*DESCRIPTION OF THE TASK*. Write out a word-for-word repetition of the lines that come before the line containing "皮鞋上的小圆圈怎么去掉（皮鞋有个小凸起该怎么去掉）" in the listing below, along with that line itself, omitting pictures.

Segment Open

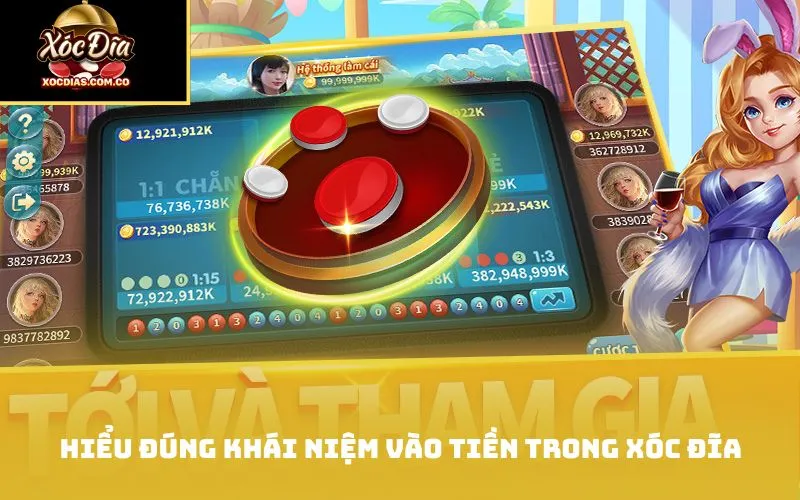Hiểu đúng khái niệm vào tiền trong xóc đĩa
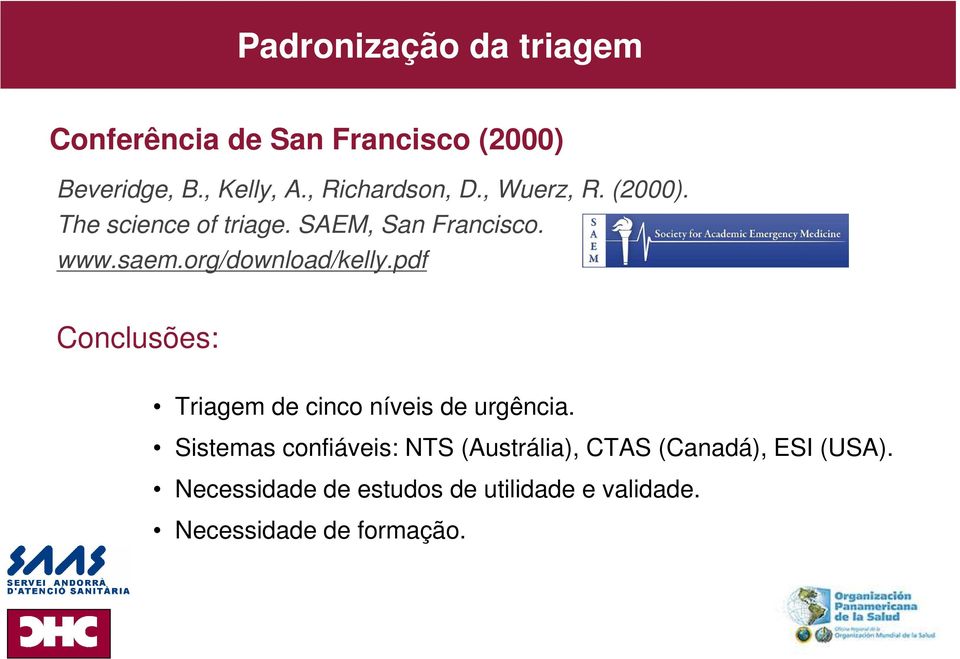 org/download/kelly.pdf Conclusões: Triagem de cinco níveis de urgência.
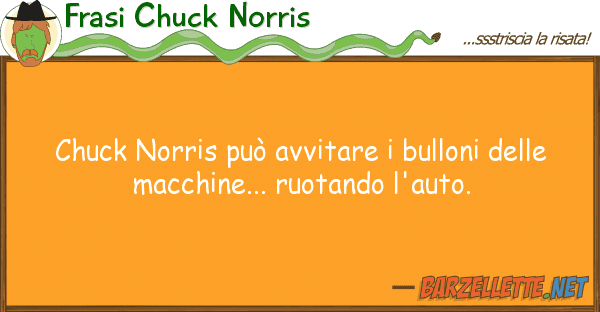 Frasi Chuck Norris chuck norris può avvitare bulloni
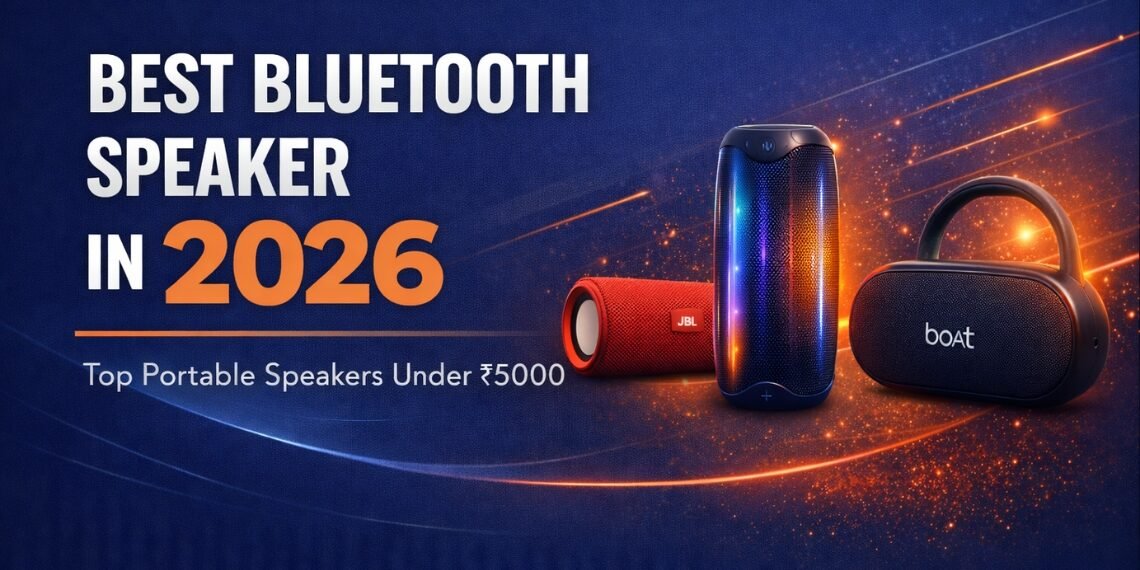Best Bluetooth Speaker in 2026 – Top Portable Speakers Under ₹5000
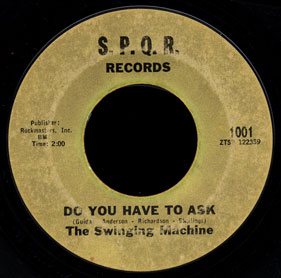 Swinging Machine S.P.Q.R. 45 Do You Have to Ask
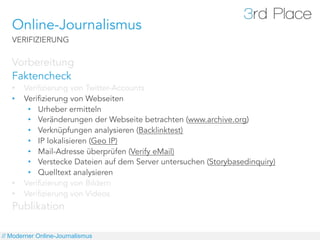 Online-Journalismus
   VERIFIZIERUNG

   Vorbereitung
   Faktencheck
   •    Verifizierung von Twitter-Accounts
   •    Verifizierung von Webseiten
         •  Urheber ermitteln
         •  Veränderungen der Webseite betrachten (www.archive.org)
         •  Verknüpfungen analysieren (Backlinktest)
         •  IP lokalisieren (Geo IP)
         •  Mail-Adresse überprüfen (Verify eMail)
         •  Verstecke Dateien auf dem Server untersuchen (Storybasedinquiry)
         •  Quelltext analysieren
   •    Verifizierung von Bildern
   •    Verifizierung von Videos
   Publikation

// Moderner Online-Journalismus
 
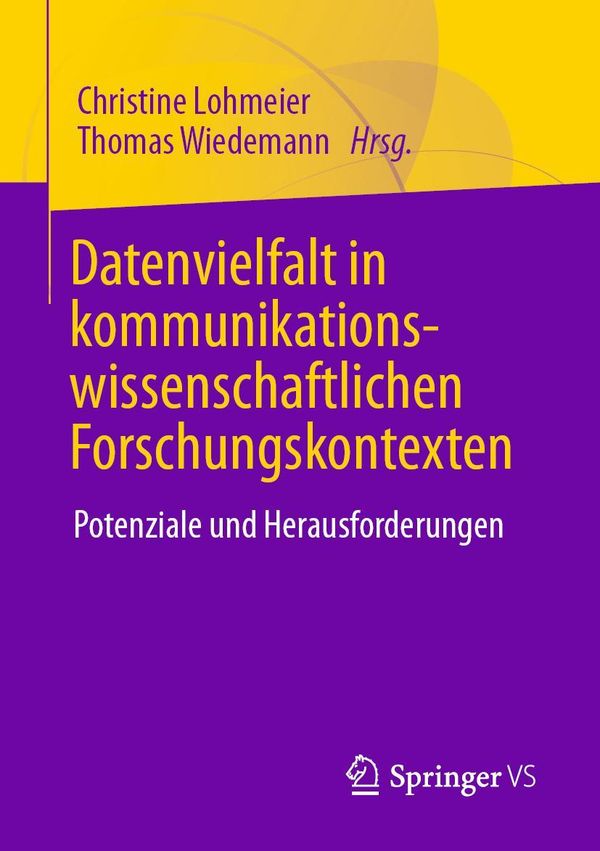 Datenvielfalt in kommunikationswissenschaftlichen Forschungskontext...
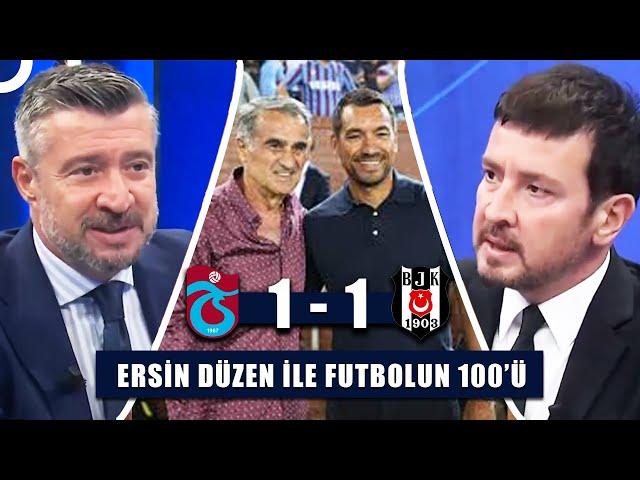 Trabzonspor - Beşiktaş Maçının Tartışmalı Pozisyonları! | Ersin Düzen ile Futbolun 100'ü Tek Parça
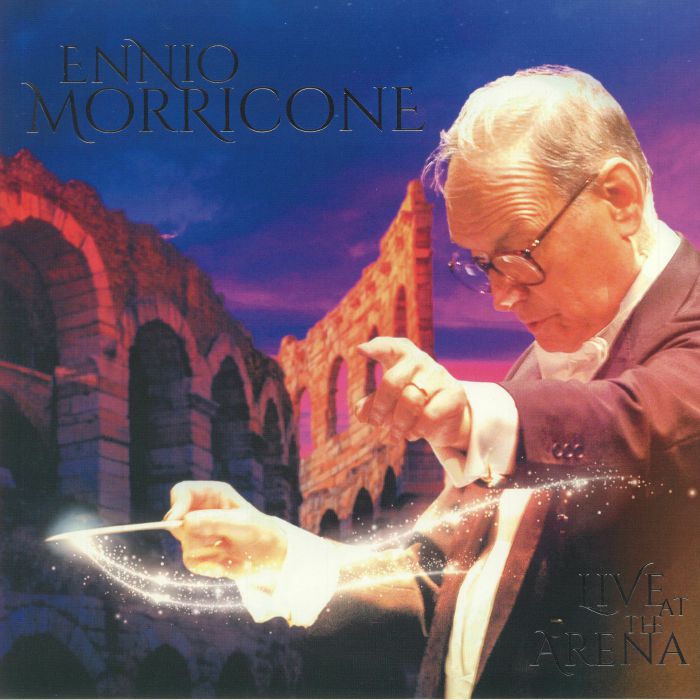 Ennio Morricone – Live At The Arena (Deluxe Edition) vinyl cover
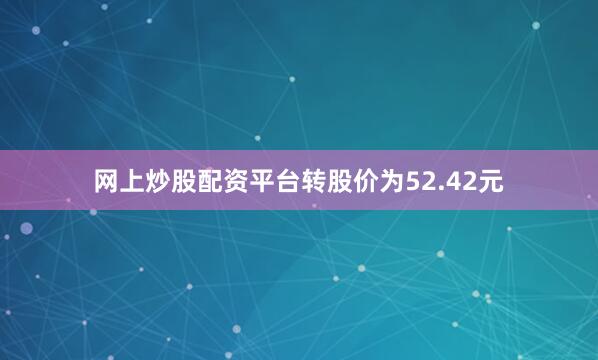 网上炒股配资平台转股价为52.42元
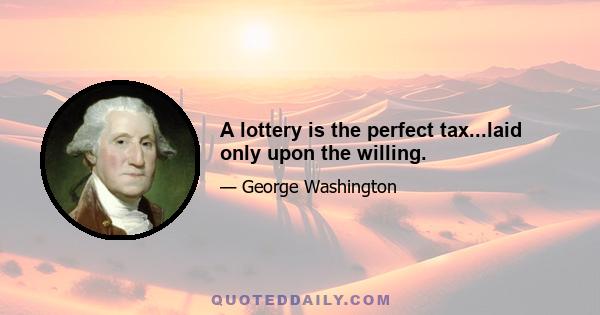 A lottery is the perfect tax...laid only upon the willing.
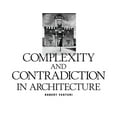 thumbnail image 1 of Museum of Modern Art Papers on Architect Robert Venturi: Complexity and Contradiction in Architecture, (Paperback), 1 of 1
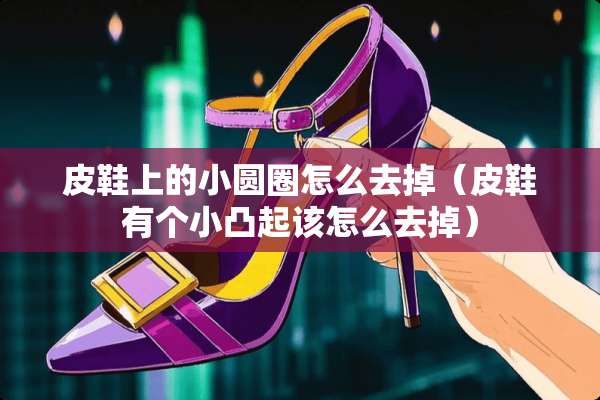 皮鞋上的小圆圈怎么去掉（皮鞋有个小凸起该怎么去掉）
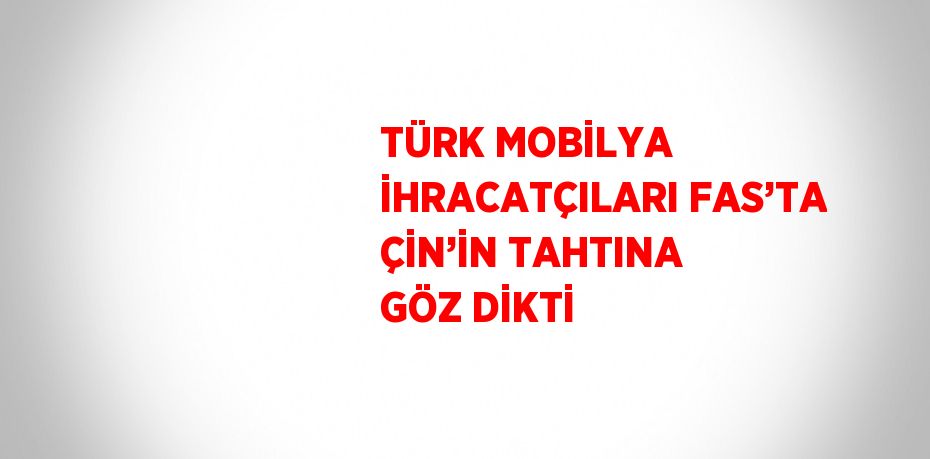 TÜRK MOBİLYA İHRACATÇILARI FAS’TA ÇİN’İN TAHTINA GÖZ DİKTİ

Segment Closed

*RESPONSE*.
Hiểu đúng khái niệm vào tiền trong xóc đĩa
 org/download/kelly.pdf Conclusões: Triagem de cinco níveis de urgência.
 Frasi Chuck Norris chuck norris può avvitare bulloni
Best Bluetooth Speaker in 2026 – Top Portable Speakers Under ₹5000
 Swinging Machine S.P.Q.R. 45 Do You Have to Ask
 Online-Journalismus
   VERIFIZIERUNG

   Vorbereitung
   Faktencheck
   •    Verifizierung von Twitter-Accounts
   •    Verifizierung von Webseiten
         •  Urheber ermitteln
         •  Veränderungen der Webseite betrachten (www.archive.org)
         •  Verknüpfungen analysieren (Backlinktest)
         •  IP lokalisieren (Geo IP)
         •  Mail-Adresse überprüfen (Verify eMail)
         •  Verstecke Dateien auf dem Server untersuchen (Storybasedinquiry)
         •  Quelltext analysieren
   •    Verifizierung von Bildern
   •    Verifizierung von Videos
   Publikation

// Moderner Online-Journalismus
 
 Datenvielfalt in kommunikationswissenschaftlichen Forschungskontext...
 Trabzonspor - Beşiktaş Maçının Tartışmalı Pozisyonları! | Ersin Düzen ile Futbolun 100'ü Tek Parça
 Ennio Morricone – Live At The Arena (Deluxe Edition) vinyl cover
 网上炒股配资平台转股价为52.42元
 A lottery is the perfect tax...laid only upon the willing.
 thumbnail image 1 of Museum of Modern Art Papers on Architect Robert Venturi: Complexity and Contradiction in Architecture, (Paperback), 1 of 1
 皮鞋上的小圆圈怎么去掉（皮鞋有个小凸起该怎么去掉）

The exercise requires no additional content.